*** Source material Section Begins ***

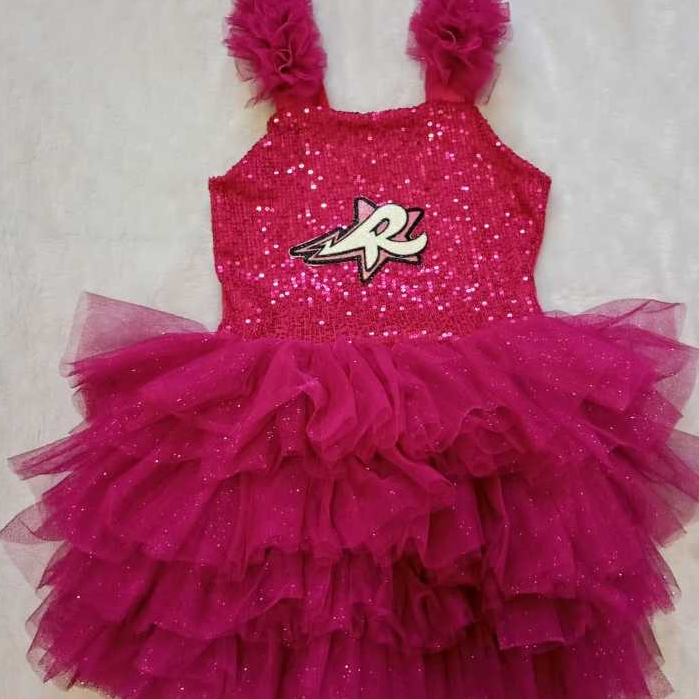 VESTIDO TUTU INFANTIL PAÊTE TURMA R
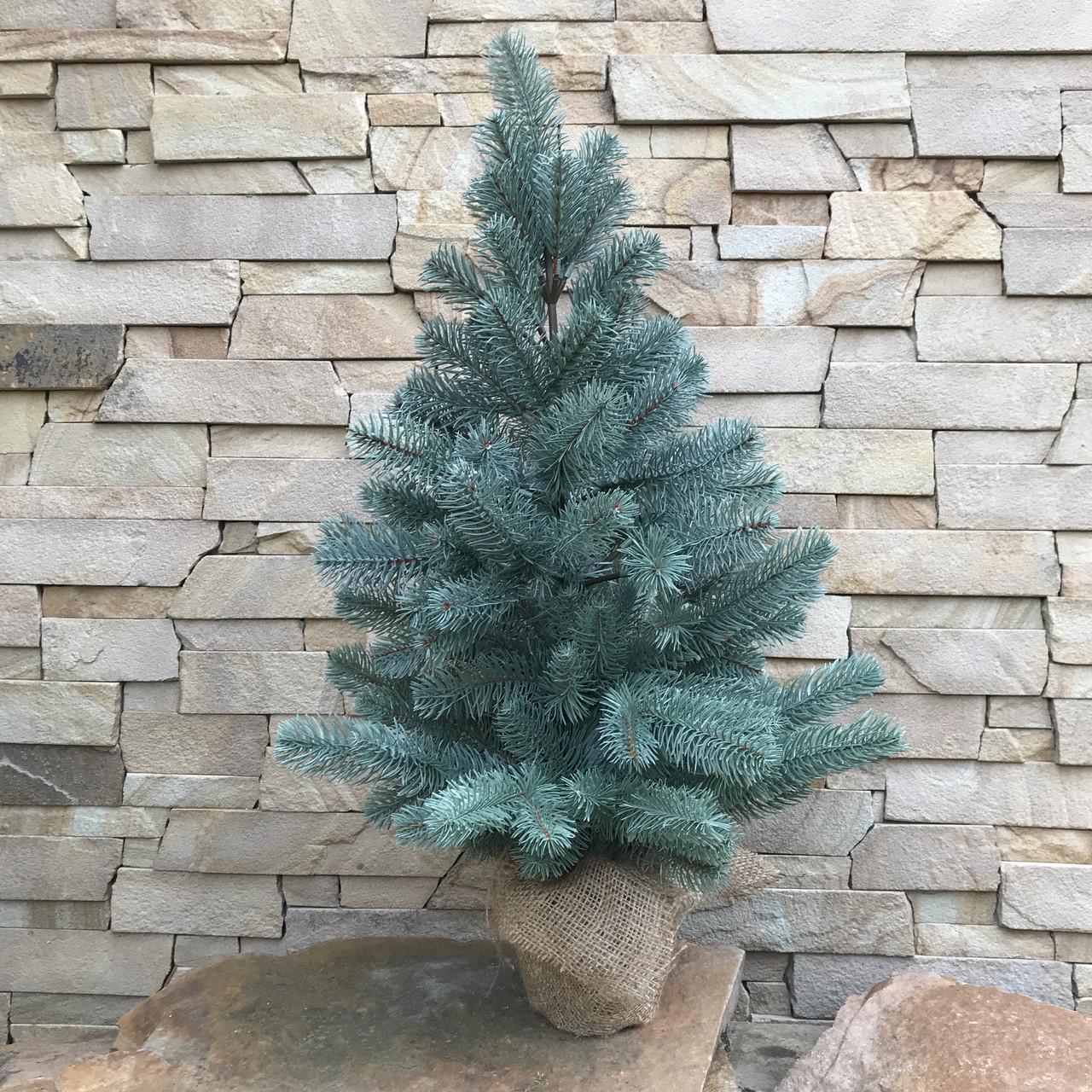 Ялинка лита SGH Premium в мішковині 70 см Блакитний - фото 2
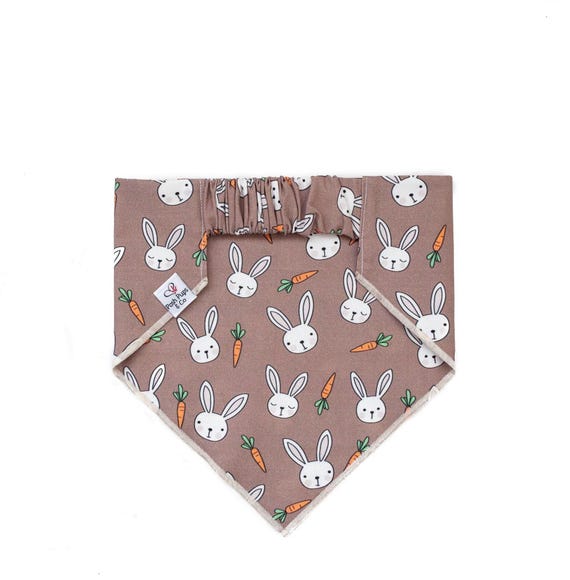 Little Rabbit Scrunchie Dog Bandana, Easter Dog Bandana
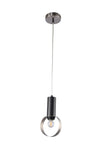 Bethel Sand Nickel Single Pendant Lighting in Metal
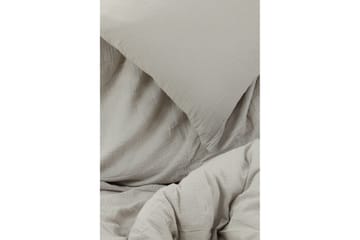 Mila Bäddset 2-Dels 150x200/50x60 cm - Ljusgrå - Textil & mattor - Sängkläder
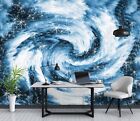 3D Blue Swirl I1502 Wallpaper Mural Self-adhesive Removable Sticker Coco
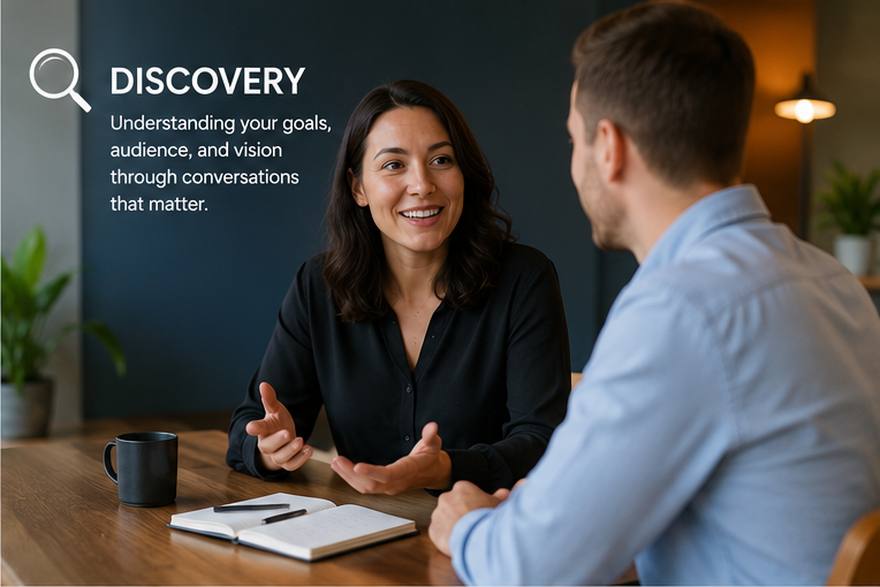 Discovery call with business owner
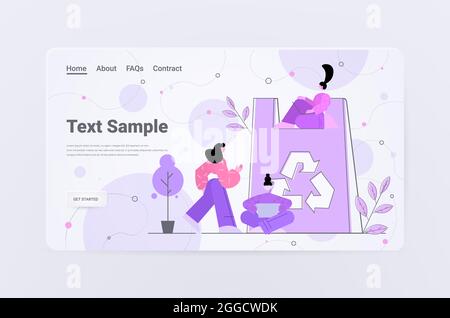 customers buying products in reusable eco friendly packing ecological recycling packing for shopping zero waste Stock Vector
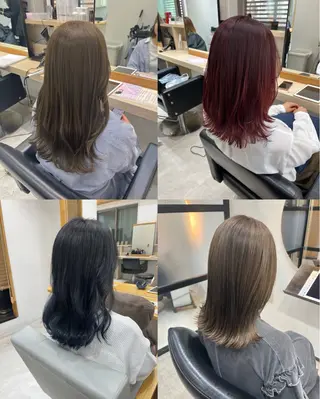 セミロング カラー 【ニュアンスカラー・ 髪質改善】スズキカナのヘアスタイル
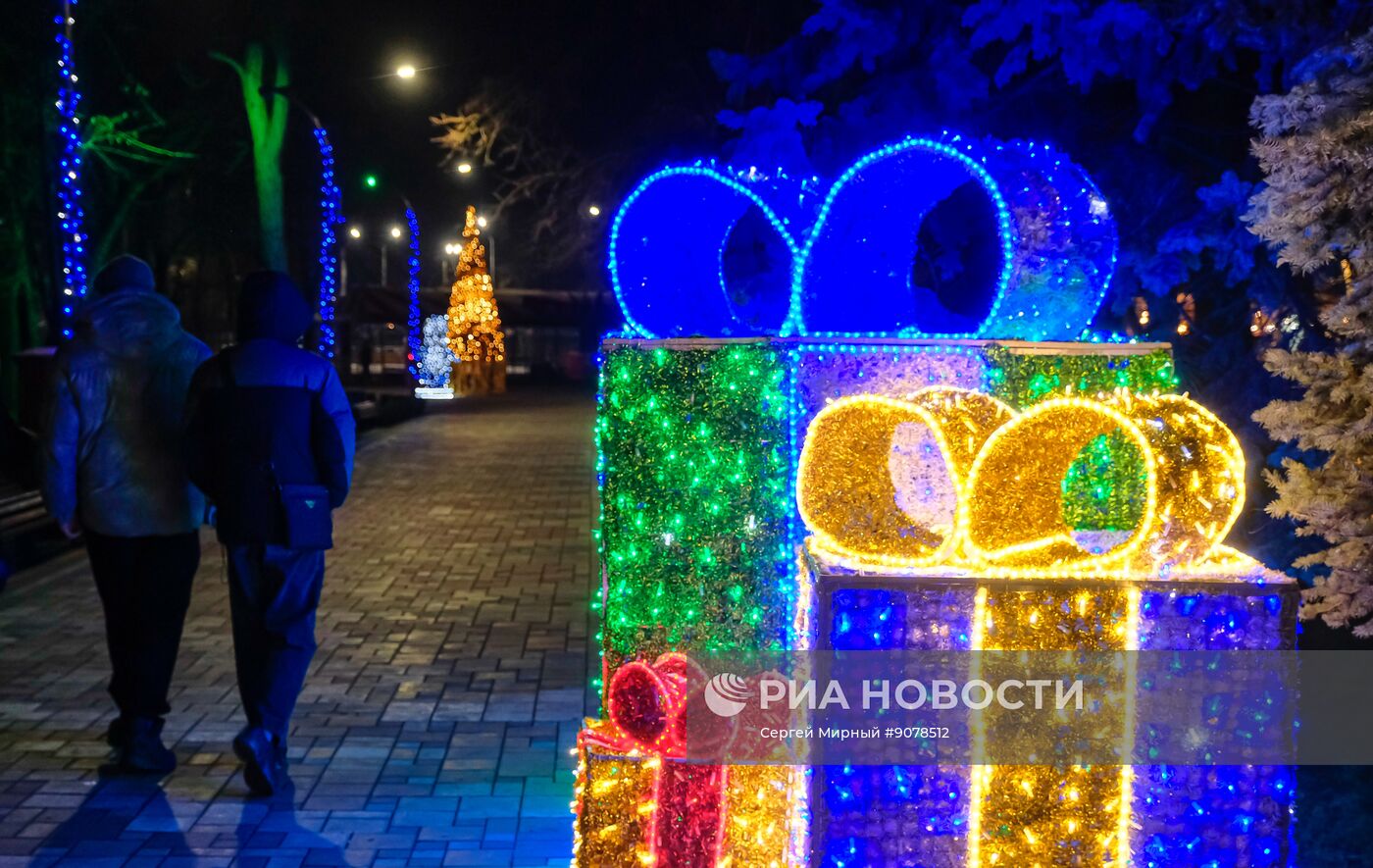 Новогоднее украшение Мелитополя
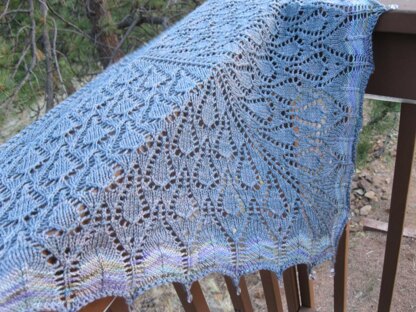 Raindrop Shawl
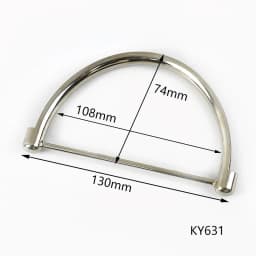 2Pcs Deepeel Metal Bag Handles Purse Sewing Frame Brackets DIY Handcrafted for Women Handbag Replacet Hardware Bags Accessories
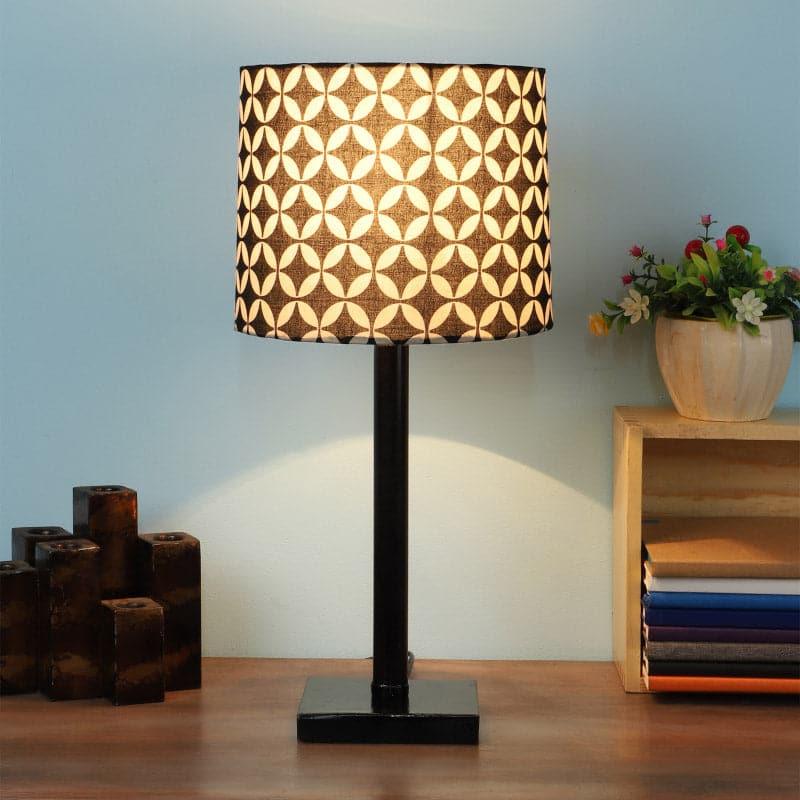 Tatania Monroe Fabric Table Lamp - Black,White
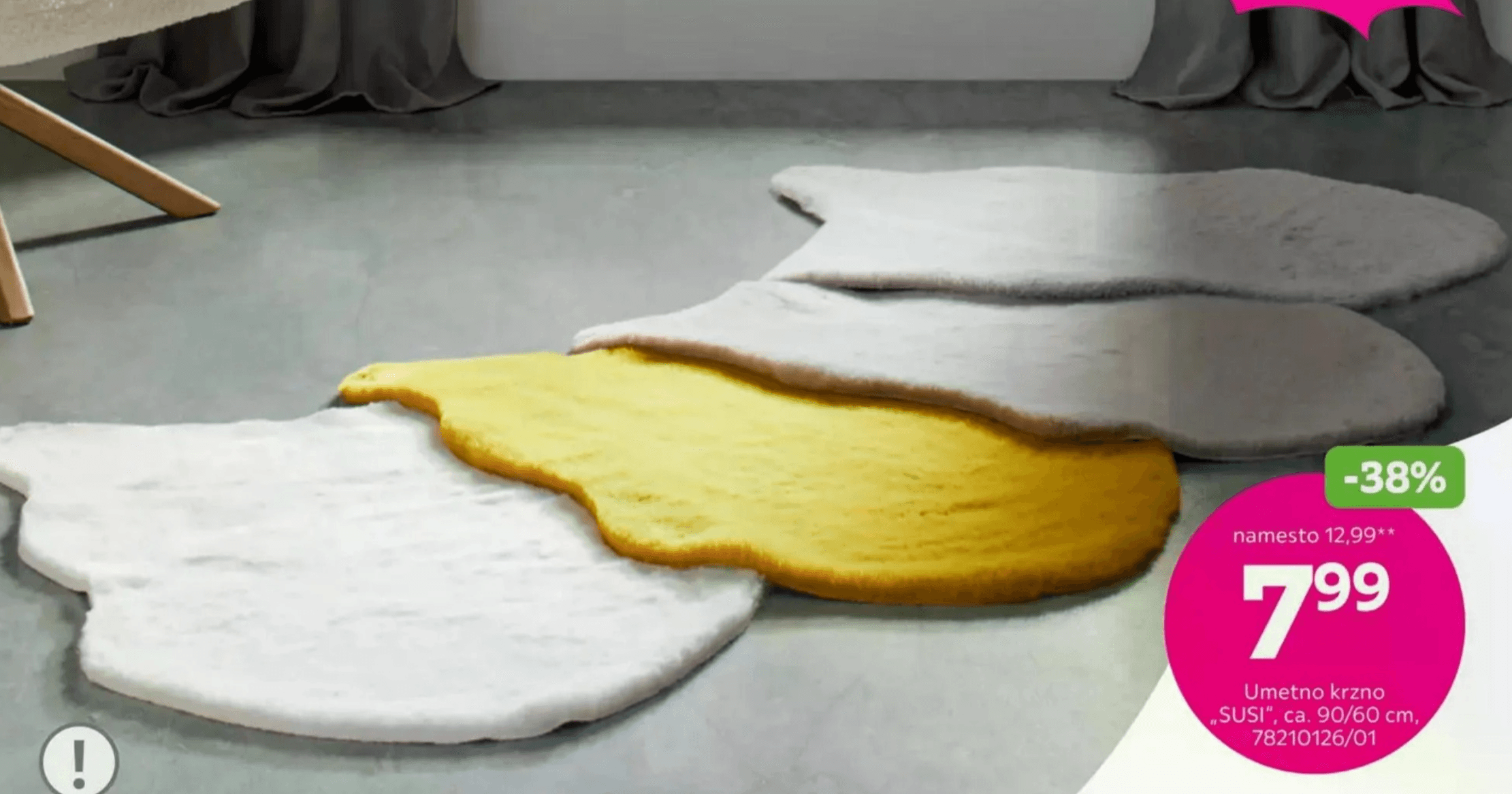 Umetno krzno „SUSI" ca. 90/60 cm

*** Source material Section Ends ***

In the listing above, find the line containing "customers buying products" and the line containing "Raindrop Shawl". Reproduce those lines and all between them exactly, with no pictures and nothing more.

 customers buying products in reusable eco friendly packing ecological recycling packing for shopping zero waste Stock Vector
 セミロング カラー 【ニュアンスカラー・ 髪質改善】スズキカナのヘアスタイル
 Новогоднее украшение Мелитополя
 Raindrop Shawl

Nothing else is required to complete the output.